● SOURCE MATERIAL
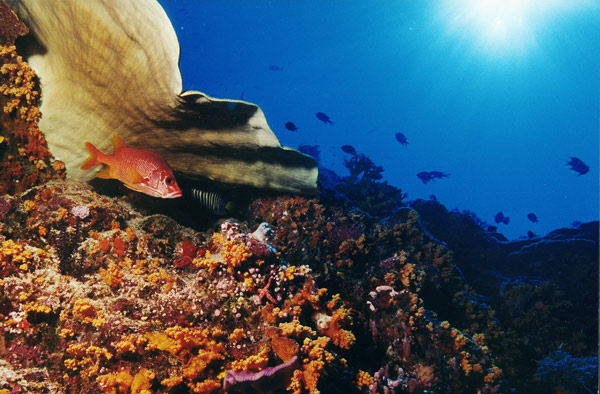 фото "Diving 5" метки: природа, подводные, 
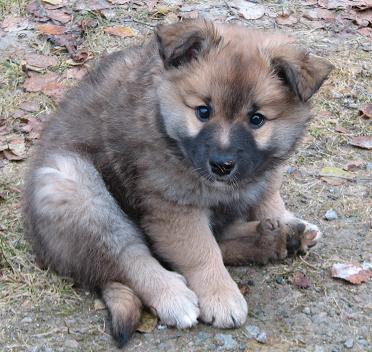 8 weeks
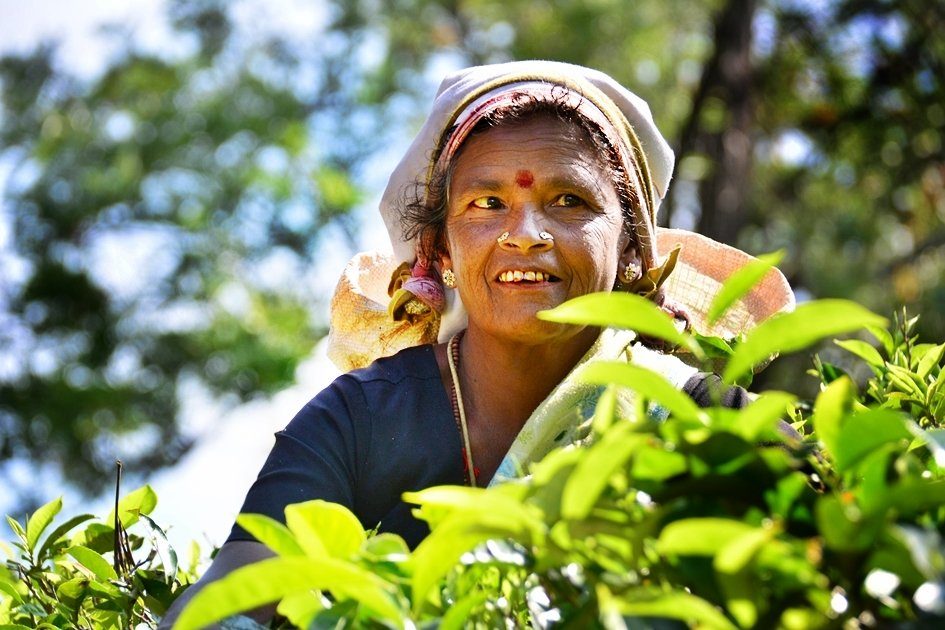 Sri Lankan tea pickers at work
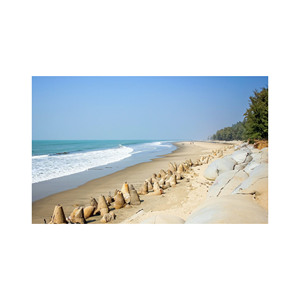 ซื้อแผ่นไม้บีชขนาดยาวในราคาที่ถูกที่สุดสำหรับโครงการก่อสร้างขนาดใหญ่ราคาไม่แพงสำหรับทุกคำสั่งซื้อ - Product Image 6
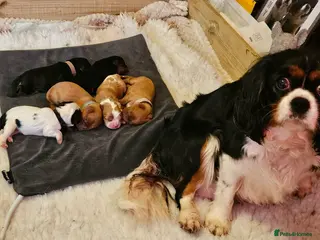 Cavalier King Charles Spaniel dogs Cavalier king charles spaniel pups for sale - Advert 6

● WHAT TO PRODUCE
In your copy of the records, include no pictures; repeat everything else exactly.

● ANSWER BOX
 фото "Diving 5" метки: природа, подводные, 
 8 weeks
 Sri Lankan tea pickers at work
 ซื้อแผ่นไม้บีชขนาดยาวในราคาที่ถูกที่สุดสำหรับโครงการก่อสร้างขนาดใหญ่ราคาไม่แพงสำหรับทุกคำสั่งซื้อ - Product Image 6
 Cavalier King Charles Spaniel dogs Cavalier king charles spaniel pups for sale - Advert 6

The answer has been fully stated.